Nova excursão pelos Estados Unidos e Europa, otimistas com a recepção do público anunciam o lançamento de um álbum ao vivo.
     Depois de alguns meses, somos brindados com o álbum duplo “Live Evil”, contendo todos os sucessos do grupo passando por Black Sabbath, Paranoid até Voodoo, neste disco uma parte foi gravada no Texas e a outra em Washington.
     Sendo que o baterista Vinnie Appice, participa, como “convidado especial”, o disco traz algumas fotos; este disco permanecerá inédito entre nós até quando? Por enquanto só nas importadoras e na mão de quem é "barão"...

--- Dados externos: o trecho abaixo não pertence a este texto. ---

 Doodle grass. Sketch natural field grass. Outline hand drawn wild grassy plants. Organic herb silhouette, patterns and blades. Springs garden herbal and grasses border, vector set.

     Depois dessa excursão e no meio de uma gravação do novo álbum Ronnie e Appice deixam o Sabbath, relatos do incidente: “Sempre que o Sabbath completava as gravações de dia, à noite Ronnie ‘visitava’ o estúdio e mixava as gravações dando um colorido à sua voz e colocando os músicos e melodias como apoio. Tudo isso para que sua carreira como vocalista, seguisse com certo destaque e encobrindo o grupo”.
    O engenheiro de som, viu-se em apuro e revelou o fato a Iommi e Butler que despediram Ronnie James Dio: “Não tenho culpa se sou forte e eles, incompetentes”. O cantor saiu e formou uma nova banda com o baterista Vinnie Appice e demais músicos que já estão gravando um álbum, da Dio Band. No Brasil, fala-se que Dio voltará ao Sabbath, mas tudo é boato. Sendo também que existe o boato de que Ian Gillan assumirá os vocais, sendo esse o mais provável.
     E a formação da Bible Black?, ouvi boatos de que Bill Ward e alguns músicos do Rainbow estariam nessa banda. A única coisa certa é que o Sabbath não acabou e vem aí um novo time. Lá fora eles cobrem mais a disputa entre Iommi e Osbourne. Tommy: “Uma das razões (muitas) do Sabbath nada ter gravado ao vivo com Ozzy nos vocais é que ele tinha dificuldades em se lembra das letras no palco. O que não ocorre com Ronnie impecável em cena por isso Iron Man e Paranoid estão no álbum”. E o “Live Evil”, acaba de ser lançado aqui! Quanto às declarações de Iommi, algumas são inegáveis... outras pura merda!


     * Texto originalmente publicado no fanzine, "Jornal do Rock" nº 6 - 12 jun. / 1983. Tempos heroícos: resenhas escritas em alemão que não sabemos e discos importados. O Fã-clube ainda durou, outras 6 edições até setembro de 1985. Ganhou a adesão do tradutor: Antonio Carlos L. Costa e do paulista Guilherme "Iommi", um dos maiores fãs brasileiros do Black Sabbath que preencheu as edições com informações apaixonadas e inéditas no Brasil, assim como fotos.